Pelagius, a 4th-century theologian, argues that the poor can resist the temptation to sin easier than the rich can: "it is easier for the poor man to divest himself of such feelings than it is for the rich man, since poverty not only does not provide the raw materials for sin but in most cases renders it impossible." However, the 2nd-century theologian Origen warns that the impious poor may still face divine punishment, asking "how many, because they bore poverty ignobly, with behavior more servile and base than was seemly in Saints, have fallen away from their heavenly hope?"
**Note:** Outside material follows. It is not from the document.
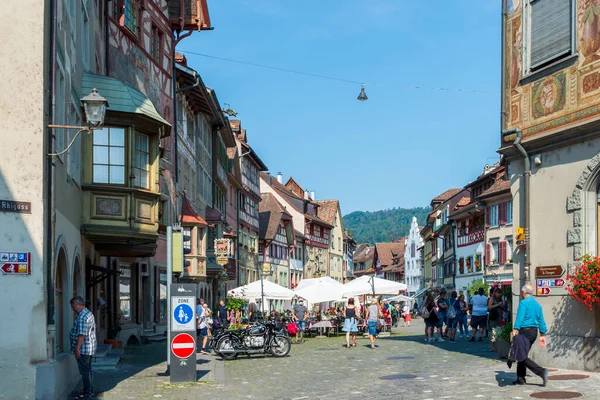 İsviçre 'nin turistik kenti Stein am Rhein' de yazın güneşli bir tatil gününde tarihi cadde, turistler, dükkanlar ve İsviçre bayrakları görülüyor. 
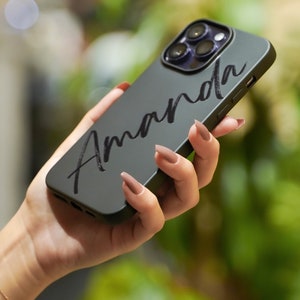 May include: A black phone case with the name "Amanda" written in white cursive script.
Not all Christians unanimously agreed that wealth was to be entirely avoided. Clement of Alexandria, a 3rd-century Christian theologian, argued that wealth was morally neutral; instead, he proposed that virtue was determined by how an individual utilized their riches. He argues that rich men are equally capable of salvation as poor men as their salvation is determined by their piety and virtue, characteristics which Clement believed exist independently of wealth. Clement opted for a nonliteral interpretation of a scene from the Gospel of Mark in which Jesus advises a rich man to sell his possessions and provide for the poor, proposing that men need not surrender their wealth entirely but must instead act philanthropically. Ambrosiaster, an unidentified author of a 4th-century commentary on the epistles of St Paul, weighed the virtues and vices of the rich and poor alike; he analyzed the respective spiritual merit of each social strata. Ambrosiaster argued that nobility in poverty was more admirable than nobility in wealth, stating "There is much more merit in practicing justice in poverty." He argued that lust is more loathsome in the wealthy than in the poor, as the rich can act with less fear of punishment. However, Ambrosiaster claimed that the limited resources of poor people may hinder their ability to satisfy their desires, possibly motivating them to commit crimes to satiate their lust. However, he also argued that in some circumstances, wealth was preferable to poverty for leading a pious lifestyle: "Pride is always a vice, but it is much more reprehensible in the poor than in the rich, because abundance enfolds the heart of the rich, while the poor is superb even in poverty, which is almost an act of madness; so the poor man is more guilty." Ambrosiaster further believed that poverty was not mandatory for a pious Christian lifestyle, claiming that both lifestyles "are therefore just." Proba, a 4th-century Christian poet and Roman aristocrat, argued for acts of charity amongst close family members and made little mention of the poor. Whilst describing a story of Jesus counseling a rich young man, she neglects to mention his command to the rich man to sell his possessions and provide for the impoverished.